Real onboarding is the ritual of teaching a client how to work with you, and learning how to work with them, before the actual work starts swallowing all the oxygen.
Week one: pause before you start
Counterintuitively, the worst thing you can do after signing a new client is immediately dive into the work.
The reason is simple: you don't know enough yet. You have the brief, the proposal, maybe a kick off call. But you don't know what their internal politics look like. You don't know who actually approves things. You don't know what their last agency did that drove them mad. You don't know the unsaid stuff.
Week one is for finding the unsaid stuff.
Things to do:
A proper kickoff session. Not a status meeting. A ninety minute conversation about why this work matters, what success looks like, what failure looks like, who else is involved, and what they wish their last agency had asked.
A stakeholder map. Who's the day to day contact, who's the decision maker, who's the silent veto. These are three different people more often than not.
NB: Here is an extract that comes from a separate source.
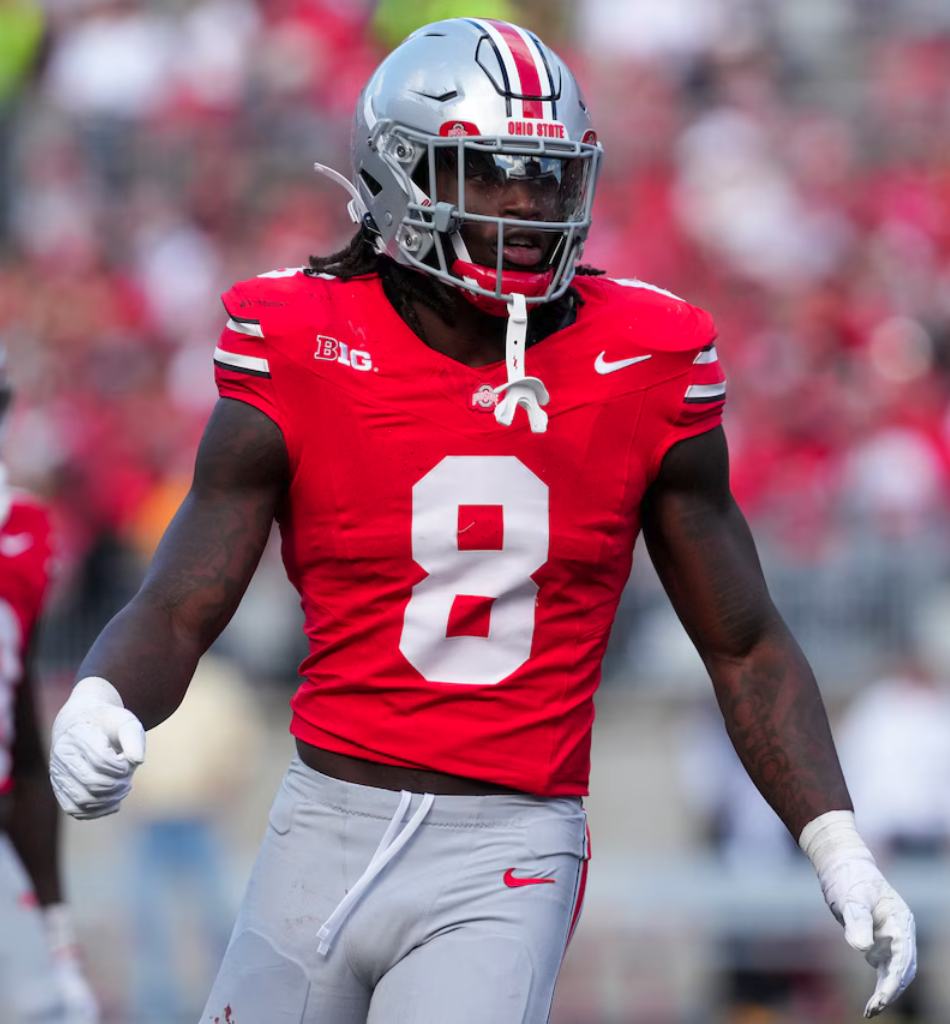 An Ohio State football player wearing a red jersey with the number 8 and a silver helmet with red and black stripes, on the field during a game.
A "how we work" document. A short one. How you communicate, how you share work, what your turnaround times are, what you need from them and when. Clients love this. They've usually never been told.
Week two: get into the world
This is the week to absorb. Read everything they've ever published. Look at their last three campaigns. Talk to one of their customers if you can. Spend time inside the brand, not above it.
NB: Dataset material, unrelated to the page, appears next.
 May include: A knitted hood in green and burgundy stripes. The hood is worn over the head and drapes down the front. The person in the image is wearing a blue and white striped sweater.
A lot of studios skip this and go straight to making. The making is always better when you've done the absorbing.
Week three: show your thinking before showing your work
Before the first creative review, share your approach. Not the work. The thinking behind the work. The reasoning, the references, the principles you're going to follow.
Two things happen. One: the client gets to align on the direction before there's anything to react to emotionally. Two: when the work does come, they're already inside your logic. Reviews go from "I don't like the green" to "this is or isn't expressing the direction we agreed on."
This single move probably saves more relationships than any other.
Week four: the temperature check
Before month one ends, ask the client a real question. Not "how's it going?" Something like: "if you could change one thing about how we've worked together so far, what would it be?"
Most won't have anything. The ones who do will tell you something small and easy to fix. Either way, you've signalled that you're paying attention, and you've prevented a small grumble from becoming a month four crisis.
What good onboarding actually does
It compresses six months of relationship building into four weeks. It surfaces problems while they're still cheap to fix. It teaches the client that you're a partner, not a vendor. And it makes the rest of the engagement noticeably less work, because the foundation is real.
Onboarding isn't an admin task. It's the most leveraged time you'll spend with a client all year. Treat it like it matters.